▶ [Exercise prompt]:
Below are entries; repeat exactly, and nothing else, the lines from the one holding "The Prophets Calling" through the one holding "Elastische Kordel Gummiband 1m", inclusive. Leave the pictures out.

--- Available data Enclosed Below ---

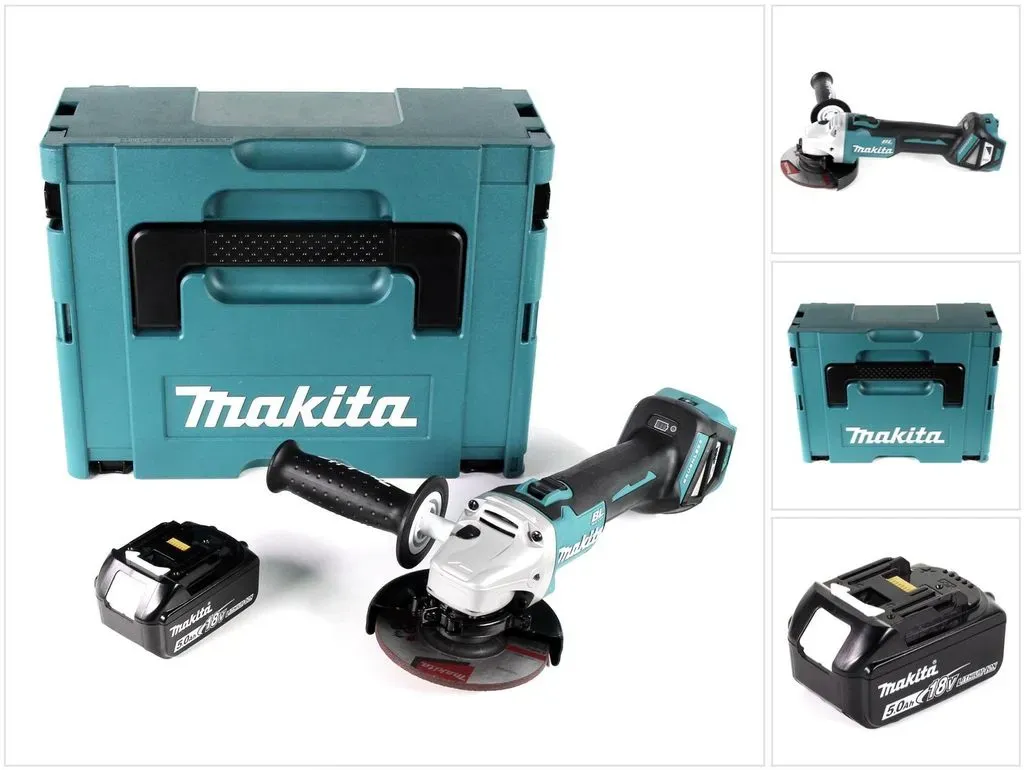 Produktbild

--- End of Enclosed Available data ---
--- Available data Enclosed Below ---

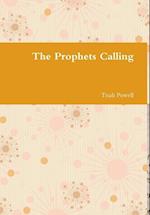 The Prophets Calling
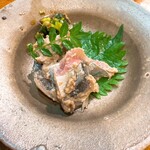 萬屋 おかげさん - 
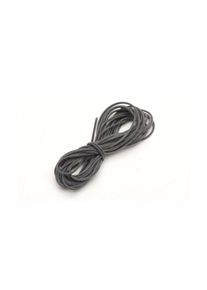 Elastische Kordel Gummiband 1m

--- End of Enclosed Available data ---
--- Available data Enclosed Below ---

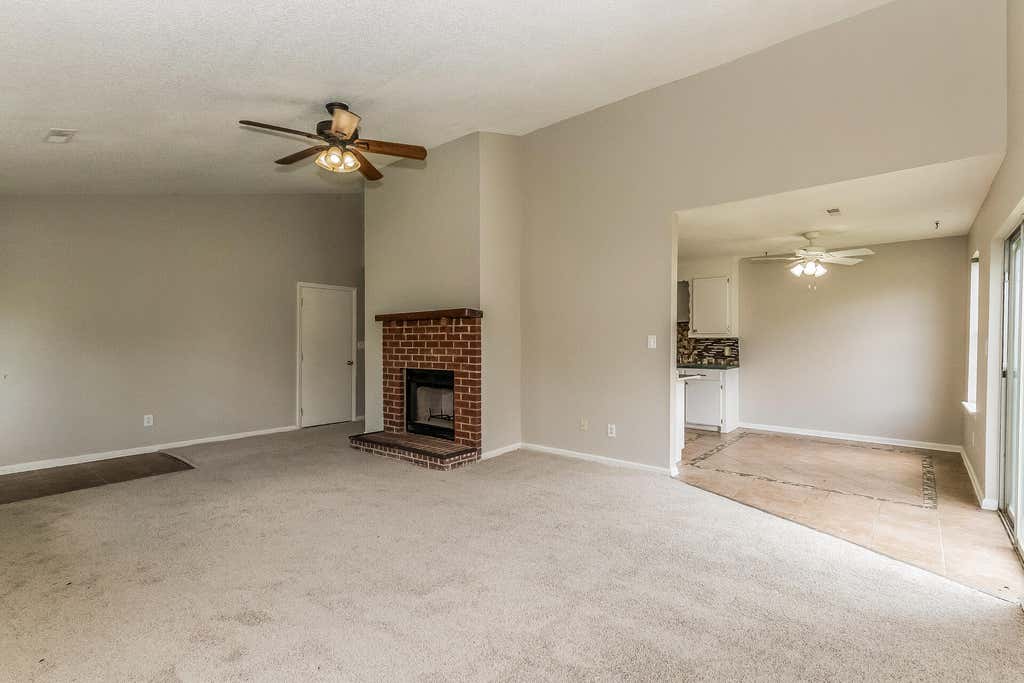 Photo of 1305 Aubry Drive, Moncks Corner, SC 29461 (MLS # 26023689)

--- End of Enclosed Available data ---

▶ [Solution to the exercise]:
 The Prophets Calling
 萬屋 おかげさん - 
 Elastische Kordel Gummiband 1m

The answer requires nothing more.